■ What is required
Wherever "image" appears in a line of the listing, that line should be returned.

■ Material provided

----

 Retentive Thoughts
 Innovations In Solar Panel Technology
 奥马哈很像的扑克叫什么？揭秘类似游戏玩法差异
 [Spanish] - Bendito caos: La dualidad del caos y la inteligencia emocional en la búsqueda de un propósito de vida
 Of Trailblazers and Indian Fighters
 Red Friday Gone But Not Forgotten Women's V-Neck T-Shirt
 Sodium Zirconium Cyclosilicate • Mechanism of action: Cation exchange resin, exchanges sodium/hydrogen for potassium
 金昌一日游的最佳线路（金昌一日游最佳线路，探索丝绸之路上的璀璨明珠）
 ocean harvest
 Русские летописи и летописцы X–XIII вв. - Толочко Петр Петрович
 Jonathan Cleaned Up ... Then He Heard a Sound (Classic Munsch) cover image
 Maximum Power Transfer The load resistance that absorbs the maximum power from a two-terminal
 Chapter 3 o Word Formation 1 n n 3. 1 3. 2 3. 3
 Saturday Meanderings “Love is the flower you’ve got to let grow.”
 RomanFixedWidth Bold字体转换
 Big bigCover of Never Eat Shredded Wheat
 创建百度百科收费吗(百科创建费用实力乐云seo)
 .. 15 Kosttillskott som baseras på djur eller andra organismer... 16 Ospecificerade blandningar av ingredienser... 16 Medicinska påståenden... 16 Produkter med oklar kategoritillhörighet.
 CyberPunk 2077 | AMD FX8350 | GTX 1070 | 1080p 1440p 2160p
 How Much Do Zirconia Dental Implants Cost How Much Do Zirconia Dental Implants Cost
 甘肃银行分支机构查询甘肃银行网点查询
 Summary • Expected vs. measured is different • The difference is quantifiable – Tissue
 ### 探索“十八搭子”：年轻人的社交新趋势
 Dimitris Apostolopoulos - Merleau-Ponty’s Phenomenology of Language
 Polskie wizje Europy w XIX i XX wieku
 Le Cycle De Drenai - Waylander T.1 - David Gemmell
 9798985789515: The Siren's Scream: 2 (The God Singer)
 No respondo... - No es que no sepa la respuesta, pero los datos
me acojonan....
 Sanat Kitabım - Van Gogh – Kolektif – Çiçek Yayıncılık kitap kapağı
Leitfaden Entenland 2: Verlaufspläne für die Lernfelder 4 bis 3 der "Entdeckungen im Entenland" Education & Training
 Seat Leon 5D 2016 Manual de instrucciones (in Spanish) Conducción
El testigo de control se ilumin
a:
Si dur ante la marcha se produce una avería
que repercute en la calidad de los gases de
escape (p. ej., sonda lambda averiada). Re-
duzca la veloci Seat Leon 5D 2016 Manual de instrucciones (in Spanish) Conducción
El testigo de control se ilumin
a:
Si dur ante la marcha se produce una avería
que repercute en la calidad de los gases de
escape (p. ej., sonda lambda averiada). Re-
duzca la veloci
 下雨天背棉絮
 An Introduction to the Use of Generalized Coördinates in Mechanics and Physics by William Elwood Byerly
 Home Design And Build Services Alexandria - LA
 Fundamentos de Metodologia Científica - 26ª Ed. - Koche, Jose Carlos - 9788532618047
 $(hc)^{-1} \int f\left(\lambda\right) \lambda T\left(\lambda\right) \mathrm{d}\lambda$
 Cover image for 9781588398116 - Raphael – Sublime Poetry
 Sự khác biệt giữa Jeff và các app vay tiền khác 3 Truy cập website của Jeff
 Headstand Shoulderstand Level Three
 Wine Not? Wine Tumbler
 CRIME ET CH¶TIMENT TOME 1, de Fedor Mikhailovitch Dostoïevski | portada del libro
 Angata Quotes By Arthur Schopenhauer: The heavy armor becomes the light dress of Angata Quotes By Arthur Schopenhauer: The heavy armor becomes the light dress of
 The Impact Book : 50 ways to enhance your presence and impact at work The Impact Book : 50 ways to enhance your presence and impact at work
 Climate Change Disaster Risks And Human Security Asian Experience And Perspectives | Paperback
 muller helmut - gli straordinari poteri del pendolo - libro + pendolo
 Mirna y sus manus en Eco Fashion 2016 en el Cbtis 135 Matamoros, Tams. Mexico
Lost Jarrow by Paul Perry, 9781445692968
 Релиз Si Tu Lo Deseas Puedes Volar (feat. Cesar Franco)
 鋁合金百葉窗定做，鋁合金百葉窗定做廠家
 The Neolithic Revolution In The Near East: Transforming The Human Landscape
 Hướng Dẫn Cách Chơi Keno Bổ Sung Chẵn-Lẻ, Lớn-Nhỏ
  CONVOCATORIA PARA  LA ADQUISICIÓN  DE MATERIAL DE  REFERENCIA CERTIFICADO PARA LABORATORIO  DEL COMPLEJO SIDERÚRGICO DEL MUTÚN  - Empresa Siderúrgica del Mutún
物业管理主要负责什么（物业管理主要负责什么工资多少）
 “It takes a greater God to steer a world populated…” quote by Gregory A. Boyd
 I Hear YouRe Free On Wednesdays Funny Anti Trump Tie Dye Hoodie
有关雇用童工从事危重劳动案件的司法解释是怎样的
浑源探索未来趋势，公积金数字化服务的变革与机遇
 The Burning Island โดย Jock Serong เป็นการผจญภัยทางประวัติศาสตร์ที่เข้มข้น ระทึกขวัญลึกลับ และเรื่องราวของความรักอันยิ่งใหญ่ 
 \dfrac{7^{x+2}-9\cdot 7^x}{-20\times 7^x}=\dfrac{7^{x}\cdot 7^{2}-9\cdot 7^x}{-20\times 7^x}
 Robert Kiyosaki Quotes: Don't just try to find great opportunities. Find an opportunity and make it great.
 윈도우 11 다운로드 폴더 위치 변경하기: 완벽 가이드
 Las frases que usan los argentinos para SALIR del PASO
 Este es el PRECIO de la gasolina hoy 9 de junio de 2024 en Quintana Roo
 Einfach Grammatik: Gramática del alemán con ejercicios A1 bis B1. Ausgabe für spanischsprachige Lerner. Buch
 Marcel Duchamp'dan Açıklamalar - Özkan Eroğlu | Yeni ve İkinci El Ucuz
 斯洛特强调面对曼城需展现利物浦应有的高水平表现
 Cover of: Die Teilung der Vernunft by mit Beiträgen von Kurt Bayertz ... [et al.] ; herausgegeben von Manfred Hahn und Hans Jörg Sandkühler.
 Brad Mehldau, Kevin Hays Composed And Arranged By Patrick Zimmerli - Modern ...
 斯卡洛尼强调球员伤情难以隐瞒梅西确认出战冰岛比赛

----

■ Task output
 Jonathan Cleaned Up ... Then He Heard a Sound (Classic Munsch) cover image
 Cover image for 9781588398116 - Raphael – Sublime Poetry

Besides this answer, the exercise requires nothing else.